_Task requirements_. Please output the listing below character for character and omit the images.

_Records_.

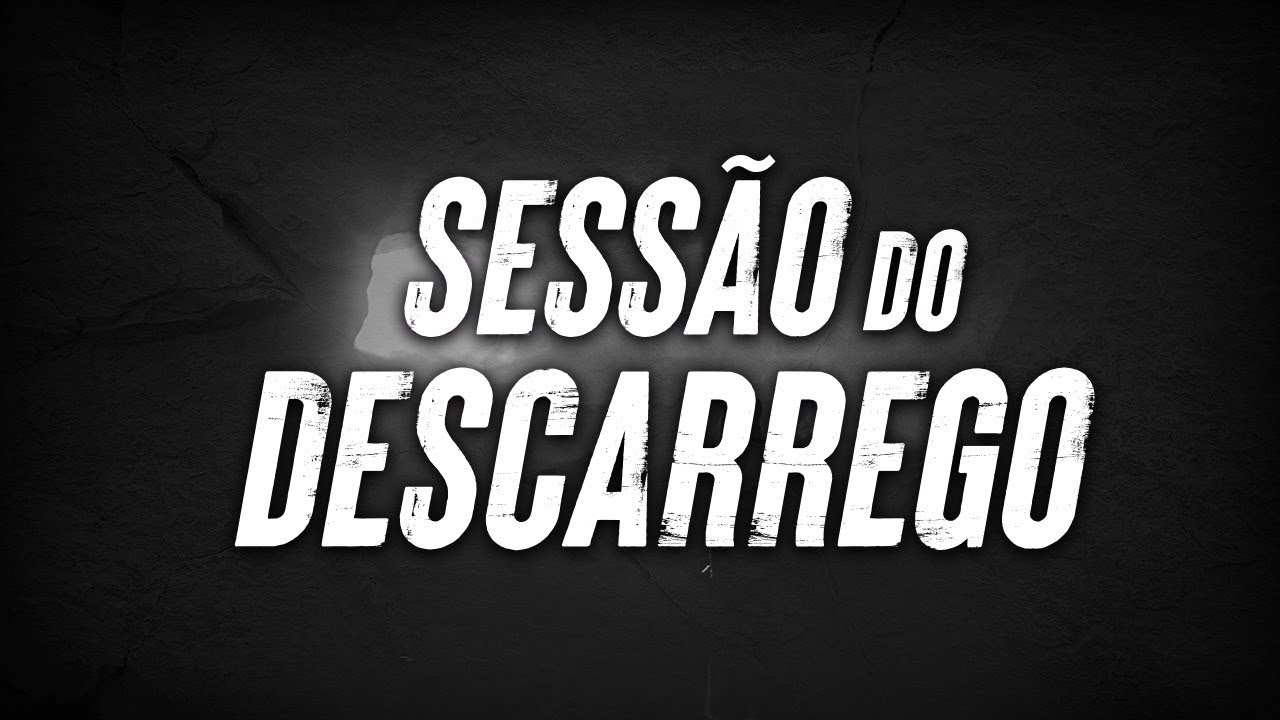 SESSÃO DO DESCARREGO - 12H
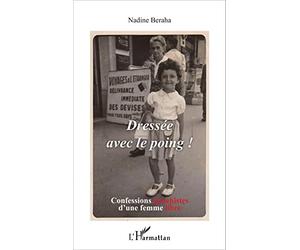 Dressée avec le poing !: Confessions gauchistes d'une femme libre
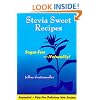 Stevia Sweet Recipes: Sugar-Free Naturally!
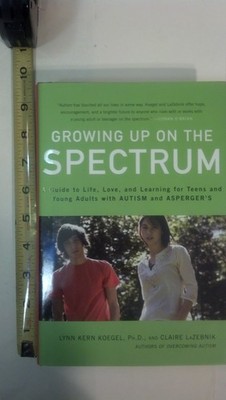 Growing Up on the Spectrum: A Guide to Life, Love, and Learning for Teens an...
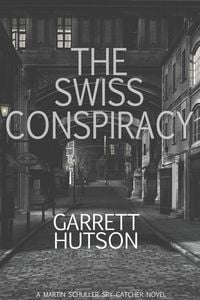 Produktbild: The Swiss Conspiracy (Martin Schuller, Spy Catcher)
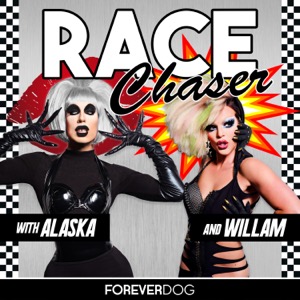 Race Chaser with Alaska & Willam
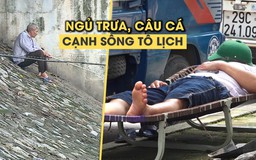 Ngỡ ngàng dân Hà Nội ra sông Tô Lịch ngủ trưa, câu cá dưới nắng 40 độ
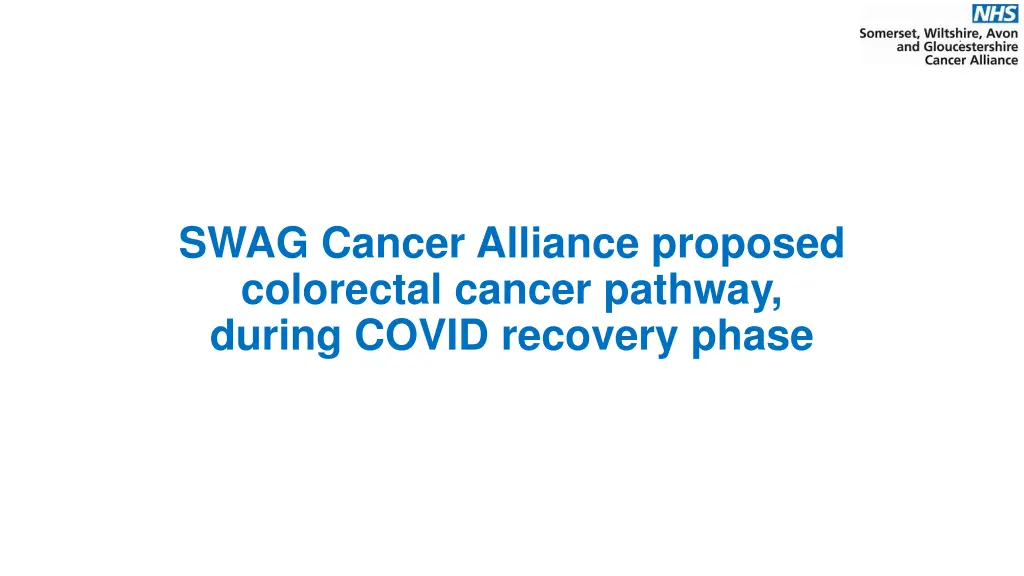 swag cancer alliance proposed colorectal cancer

_Response box_.
 SESSÃO DO DESCARREGO - 12H
 Dressée avec le poing !: Confessions gauchistes d'une femme libre
 Stevia Sweet Recipes: Sugar-Free Naturally!
 Growing Up on the Spectrum: A Guide to Life, Love, and Learning for Teens an...
 Produktbild: The Swiss Conspiracy (Martin Schuller, Spy Catcher)
 Race Chaser with Alaska & Willam
 Ngỡ ngàng dân Hà Nội ra sông Tô Lịch ngủ trưa, câu cá dưới nắng 40 độ
 swag cancer alliance proposed colorectal cancer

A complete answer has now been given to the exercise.